FCA bans ex-Co-op Bank chair from financial services sector
The Financial Conduct Authority has banned convicted drug criminal Paul Flowers, former chairman of Co-operative Bank PLC, from the financial services industry indefinitely.
Mr Flowers was convicted of possessing illegal drugs and, separately, was also found to have used his work email for sexually explicit messages and to discuss illegal drugs, said the FCA. He was chair of Co-op Bank between 15 April 2010 and 5 June 2013. His actions made national newspaper headlines at the time.
The FCA found that Mr Flowers’ conduct demonstrated a “lack of fitness and propriety” required to work in financial services.
The FCA found that while chairman of the bank, Mr Flowers:
• used his work mobile telephone to make a number of inappropriate telephone calls to a premium rate chat line in breach of Co-op Group and Co-op Bank policies; and
• used his work email account to send and receive sexually explicit and otherwise inappropriate messages, and to discuss illegal drugs, in breach of Co-op Group and Co-op Bank policies despite having been previously warned about his earlier misconduct.
After stepping down as chair, Mr Flowers was convicted for possession of illegal drugs.

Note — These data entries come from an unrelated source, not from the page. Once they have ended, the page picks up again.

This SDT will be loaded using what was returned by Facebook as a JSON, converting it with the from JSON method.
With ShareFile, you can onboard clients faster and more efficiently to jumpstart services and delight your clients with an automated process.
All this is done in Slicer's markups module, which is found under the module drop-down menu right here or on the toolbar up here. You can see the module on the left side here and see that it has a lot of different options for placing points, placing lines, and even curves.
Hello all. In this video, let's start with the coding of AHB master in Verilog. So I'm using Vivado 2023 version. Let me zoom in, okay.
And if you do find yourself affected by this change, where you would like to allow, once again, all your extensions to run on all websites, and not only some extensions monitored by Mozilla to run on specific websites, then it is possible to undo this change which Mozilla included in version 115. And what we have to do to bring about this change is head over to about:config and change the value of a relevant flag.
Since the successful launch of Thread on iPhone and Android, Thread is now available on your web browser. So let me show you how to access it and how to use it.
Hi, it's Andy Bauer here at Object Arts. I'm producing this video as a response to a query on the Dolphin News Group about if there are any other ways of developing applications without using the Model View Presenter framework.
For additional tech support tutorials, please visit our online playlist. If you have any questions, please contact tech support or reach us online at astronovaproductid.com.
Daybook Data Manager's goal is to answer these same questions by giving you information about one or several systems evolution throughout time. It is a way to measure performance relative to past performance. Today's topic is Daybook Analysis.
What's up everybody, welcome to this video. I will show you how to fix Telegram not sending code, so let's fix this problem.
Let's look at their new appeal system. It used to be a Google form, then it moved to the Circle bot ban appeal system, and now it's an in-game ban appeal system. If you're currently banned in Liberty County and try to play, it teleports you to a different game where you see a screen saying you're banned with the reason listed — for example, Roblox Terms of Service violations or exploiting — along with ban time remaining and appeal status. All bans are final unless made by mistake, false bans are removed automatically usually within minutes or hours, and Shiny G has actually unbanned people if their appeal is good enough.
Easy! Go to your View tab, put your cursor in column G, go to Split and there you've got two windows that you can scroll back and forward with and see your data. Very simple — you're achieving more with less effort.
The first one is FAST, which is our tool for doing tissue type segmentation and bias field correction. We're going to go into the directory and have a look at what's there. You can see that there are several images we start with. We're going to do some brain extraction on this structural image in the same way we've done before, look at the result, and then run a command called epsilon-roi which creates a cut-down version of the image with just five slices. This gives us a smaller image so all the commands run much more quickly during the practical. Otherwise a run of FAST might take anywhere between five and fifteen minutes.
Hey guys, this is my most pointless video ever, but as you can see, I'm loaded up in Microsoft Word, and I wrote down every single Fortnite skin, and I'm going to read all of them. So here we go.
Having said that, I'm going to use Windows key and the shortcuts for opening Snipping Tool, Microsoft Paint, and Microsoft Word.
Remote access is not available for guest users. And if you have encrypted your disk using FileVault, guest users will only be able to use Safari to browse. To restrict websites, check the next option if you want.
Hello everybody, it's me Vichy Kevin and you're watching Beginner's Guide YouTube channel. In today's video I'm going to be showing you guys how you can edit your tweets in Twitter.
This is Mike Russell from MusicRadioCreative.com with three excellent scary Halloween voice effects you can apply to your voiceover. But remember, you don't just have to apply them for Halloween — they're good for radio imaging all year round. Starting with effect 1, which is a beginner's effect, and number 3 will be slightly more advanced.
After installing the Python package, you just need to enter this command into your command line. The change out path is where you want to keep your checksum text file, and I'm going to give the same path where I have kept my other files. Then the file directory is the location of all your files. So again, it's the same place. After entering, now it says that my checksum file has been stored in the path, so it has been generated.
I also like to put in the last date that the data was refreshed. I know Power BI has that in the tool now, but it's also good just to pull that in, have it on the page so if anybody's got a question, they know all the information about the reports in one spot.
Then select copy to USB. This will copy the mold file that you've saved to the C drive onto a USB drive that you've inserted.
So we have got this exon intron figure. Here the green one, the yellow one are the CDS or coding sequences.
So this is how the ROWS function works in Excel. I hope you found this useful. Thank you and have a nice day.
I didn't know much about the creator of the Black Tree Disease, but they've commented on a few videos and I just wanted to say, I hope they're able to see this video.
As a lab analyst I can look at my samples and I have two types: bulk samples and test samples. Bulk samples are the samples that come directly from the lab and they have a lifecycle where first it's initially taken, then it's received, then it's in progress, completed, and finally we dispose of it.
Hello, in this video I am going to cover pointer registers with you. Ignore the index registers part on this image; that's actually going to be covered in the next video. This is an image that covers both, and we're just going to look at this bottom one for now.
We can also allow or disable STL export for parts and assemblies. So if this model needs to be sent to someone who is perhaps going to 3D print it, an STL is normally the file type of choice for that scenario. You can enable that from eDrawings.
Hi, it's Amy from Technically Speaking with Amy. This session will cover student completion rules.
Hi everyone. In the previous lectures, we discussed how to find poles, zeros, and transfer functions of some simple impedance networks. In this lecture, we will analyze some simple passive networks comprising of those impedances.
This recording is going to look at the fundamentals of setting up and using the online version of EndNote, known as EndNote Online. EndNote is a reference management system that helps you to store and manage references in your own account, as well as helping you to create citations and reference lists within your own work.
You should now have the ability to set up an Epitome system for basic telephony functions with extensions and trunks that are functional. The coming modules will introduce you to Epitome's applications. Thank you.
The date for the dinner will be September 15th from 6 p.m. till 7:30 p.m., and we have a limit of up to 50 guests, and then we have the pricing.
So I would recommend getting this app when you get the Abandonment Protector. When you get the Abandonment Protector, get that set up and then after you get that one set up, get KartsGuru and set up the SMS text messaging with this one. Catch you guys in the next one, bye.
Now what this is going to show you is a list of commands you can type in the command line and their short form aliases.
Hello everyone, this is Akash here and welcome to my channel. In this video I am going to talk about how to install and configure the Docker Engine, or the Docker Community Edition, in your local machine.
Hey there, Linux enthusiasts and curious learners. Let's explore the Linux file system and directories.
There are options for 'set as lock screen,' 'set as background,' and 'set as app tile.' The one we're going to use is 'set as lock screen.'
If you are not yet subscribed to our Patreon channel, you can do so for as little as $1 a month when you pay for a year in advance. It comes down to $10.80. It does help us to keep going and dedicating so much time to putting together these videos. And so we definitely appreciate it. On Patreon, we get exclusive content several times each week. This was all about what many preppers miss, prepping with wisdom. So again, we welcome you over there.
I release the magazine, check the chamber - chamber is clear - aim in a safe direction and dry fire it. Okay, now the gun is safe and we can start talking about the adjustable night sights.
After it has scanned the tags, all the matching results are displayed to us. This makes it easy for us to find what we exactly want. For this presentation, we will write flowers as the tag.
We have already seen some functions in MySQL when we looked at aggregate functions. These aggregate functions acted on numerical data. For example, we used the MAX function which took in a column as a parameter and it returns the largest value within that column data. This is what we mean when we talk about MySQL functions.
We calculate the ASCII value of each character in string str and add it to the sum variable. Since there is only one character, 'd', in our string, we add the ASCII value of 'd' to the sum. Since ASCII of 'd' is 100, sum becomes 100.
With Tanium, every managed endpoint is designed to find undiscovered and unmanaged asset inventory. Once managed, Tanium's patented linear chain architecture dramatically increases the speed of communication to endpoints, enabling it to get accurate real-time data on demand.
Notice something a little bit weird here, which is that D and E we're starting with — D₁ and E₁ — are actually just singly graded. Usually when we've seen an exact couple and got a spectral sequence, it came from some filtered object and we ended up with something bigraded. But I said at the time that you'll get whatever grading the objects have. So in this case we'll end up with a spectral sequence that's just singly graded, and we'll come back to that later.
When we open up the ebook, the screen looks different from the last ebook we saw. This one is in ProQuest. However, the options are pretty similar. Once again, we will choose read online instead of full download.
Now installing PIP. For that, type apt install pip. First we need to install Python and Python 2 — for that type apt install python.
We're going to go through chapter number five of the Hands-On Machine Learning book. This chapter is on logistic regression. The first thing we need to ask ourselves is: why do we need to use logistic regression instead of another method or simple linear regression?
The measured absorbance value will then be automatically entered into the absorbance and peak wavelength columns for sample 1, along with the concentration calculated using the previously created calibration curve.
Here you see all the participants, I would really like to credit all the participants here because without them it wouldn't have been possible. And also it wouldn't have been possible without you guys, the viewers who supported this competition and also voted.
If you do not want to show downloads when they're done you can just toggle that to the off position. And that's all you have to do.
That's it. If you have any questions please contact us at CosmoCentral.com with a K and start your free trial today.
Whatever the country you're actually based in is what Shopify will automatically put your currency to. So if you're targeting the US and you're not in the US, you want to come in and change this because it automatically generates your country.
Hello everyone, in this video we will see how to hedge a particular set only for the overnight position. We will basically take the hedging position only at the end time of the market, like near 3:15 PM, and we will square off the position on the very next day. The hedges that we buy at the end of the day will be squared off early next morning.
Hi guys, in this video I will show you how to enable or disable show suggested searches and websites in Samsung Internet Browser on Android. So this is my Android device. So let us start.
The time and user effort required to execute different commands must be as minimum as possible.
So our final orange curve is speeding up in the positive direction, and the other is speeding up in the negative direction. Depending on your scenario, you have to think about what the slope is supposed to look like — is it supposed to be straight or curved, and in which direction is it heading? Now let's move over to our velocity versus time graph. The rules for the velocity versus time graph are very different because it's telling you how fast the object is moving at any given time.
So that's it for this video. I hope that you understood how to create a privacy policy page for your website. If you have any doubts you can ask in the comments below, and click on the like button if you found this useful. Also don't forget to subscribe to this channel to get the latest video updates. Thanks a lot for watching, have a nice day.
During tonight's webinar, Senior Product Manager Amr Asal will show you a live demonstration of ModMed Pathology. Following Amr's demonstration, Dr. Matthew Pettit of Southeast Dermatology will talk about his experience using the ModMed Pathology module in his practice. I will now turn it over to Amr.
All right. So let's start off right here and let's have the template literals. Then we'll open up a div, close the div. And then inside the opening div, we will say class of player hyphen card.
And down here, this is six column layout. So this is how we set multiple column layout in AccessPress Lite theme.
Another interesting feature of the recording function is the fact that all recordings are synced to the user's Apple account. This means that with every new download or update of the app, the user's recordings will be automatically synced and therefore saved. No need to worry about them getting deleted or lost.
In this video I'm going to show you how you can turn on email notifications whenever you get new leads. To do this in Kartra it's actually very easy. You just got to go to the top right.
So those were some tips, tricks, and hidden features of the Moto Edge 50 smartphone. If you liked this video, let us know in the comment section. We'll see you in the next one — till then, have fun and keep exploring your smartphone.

Mark Steward, FCA executive director of Enforcement and Market Oversight, said: “The role of chair occupies a unique place of trust and influence. The chair is pivotal in setting expectations of a company’s culture, values and behaviours.
“Mr Flowers failed in his duty to lead by example and to meet the high standards of integrity and probity demanded by the role. These high standards are what the financial services industry and the wider community rightly expect of its senior individuals. Where a chair, or other senior individual, fails to discharge these standards the FCA will hold them to account.”
The FCA found that Mr Flowers has demonstrated an unwillingness to comply not only with the FCA’s requirements and standards but also with other legal, regulatory and professional requirements.
The regulator said it believes Mr Flowers’ disregard for the standards he is expected to meet demonstrates a lack of integrity and that any future involvement by Mr Flowers in the financial services industry risks undermining consumer and market confidence.